En vez de recibir apoyo, Karla fue testigo de lo que cientos de mexicanos escuchan todos los días por parte del personal de las fiscalías: “Aquí no puede denunciar”, “No nos toca en esta oficina”,“Tiene que ir a otro lugar”. La Denuncia por la desaparición de la sobrina de Karla fue finalmente recibida la noche del día siguiente. El ministerio público de la alcaldía Azcapotzalco,a 44 kilómetros del lugar donde la niña fue vista por última vez, se haría cargo de buscarla. La pesquisa dio comienzo 24 horas después de la recepción del reporte, ya era tarde. El cuerpo sin vida de Fátima fue encontrado por ciudadanos en un lote baldío; tenía siete años.

Este caso denota una serie de negligencias por parte de la autoridad y debería ser excepcional, pero no es así. Es una constante en todas las agencias del ministerio público del país, donde se alienta al personal a rechazar las denuncias con el único fin de mostrar avances de manera cuantitativa: si se reciben menos denuncias se infiere que bajan los delitos y —en la lógica de la burocracia mexicana— se es más eficiente. Muy lejos de este escenario, aunque no se reporten, la incidencia delictiva sigue aumentando,en especial la violencia feminicida como en los casos de Fátima, Nazaret (15 años), Valeria (11 años) o Itzel Nohemi (siete años); feminicidios ocurridos en la capital mexicana, Sonora y Estado de México, que forman parte de una macabra estadística a la que ya nos hemos acostumbrado. 

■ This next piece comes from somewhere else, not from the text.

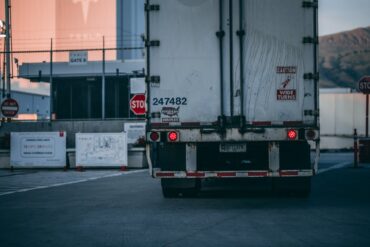 Photo by Craig Adderley: https://www.pexels.com/photo/white-freight-truck-close-up-photography-2449454/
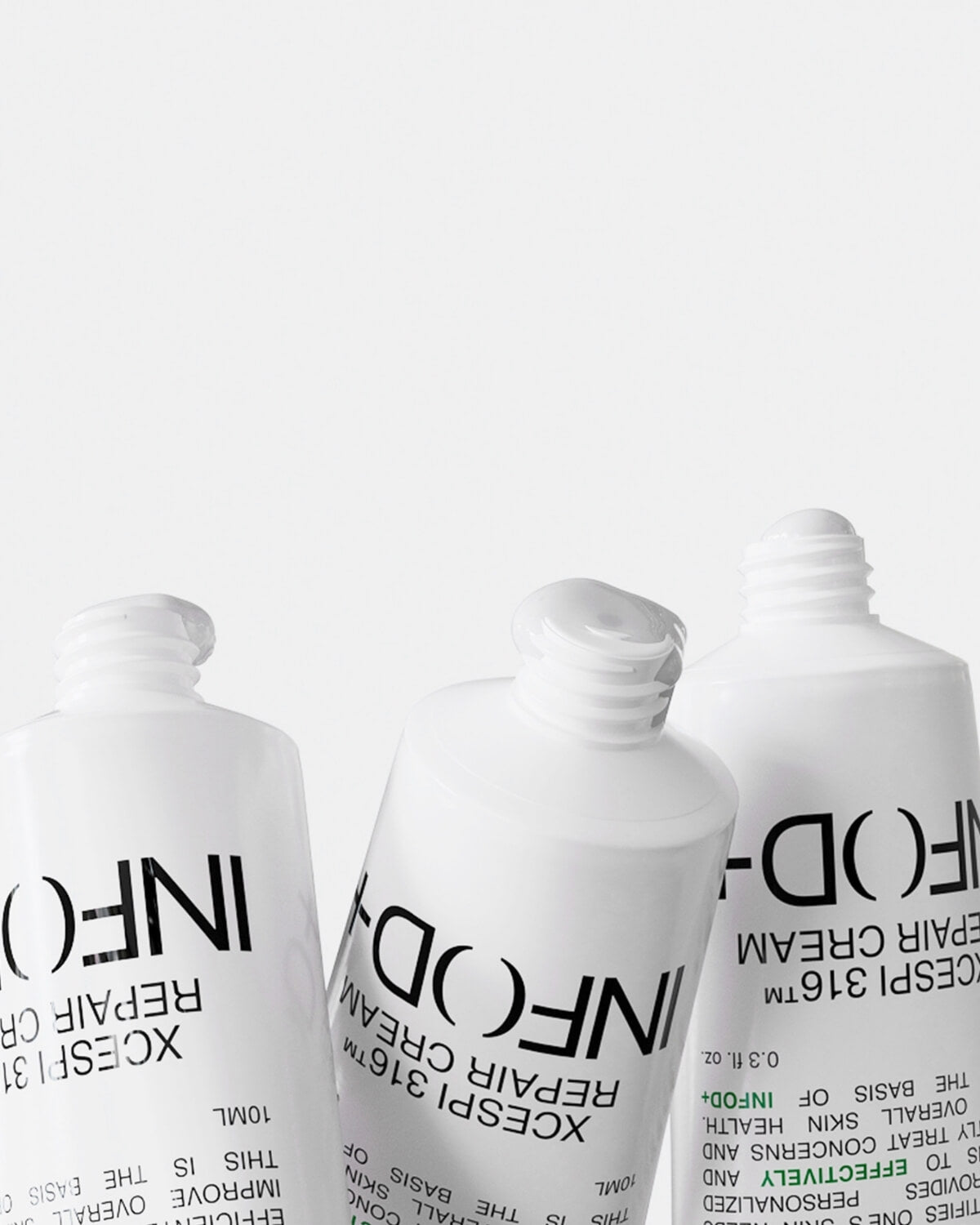 A low-angle close-up of three tilted tubes of InfoDPlus XCESPI 316™ Repair Cream, showing the white cream visibly at the opening of the middle tube.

De acuerdo con la Encuesta Nacional de Victimización y Percepción sobre Seguridad Pública (Envipe), elaborada por el Instituto Nacional de Estadística y Geografía, en México se registraron en 2018 poco más de 33 millones de delitos y 93.2% de ellos no se denunciaron. Del 6.8% que sí fueron reportados, sólo en 82% de los casos el ministerio público decidió iniciar una investigación; de esa proporción, los hechos delictivos lograron resolverse sólo en 19% de los casos. Esto significa que de cada 100 delitos cometidos en nuestro país, es probable que sólo sean efectivamente castigados 1.05, a pesar de que tres de cada 10 hogares en México tienen al menos una víctima de algún delito. 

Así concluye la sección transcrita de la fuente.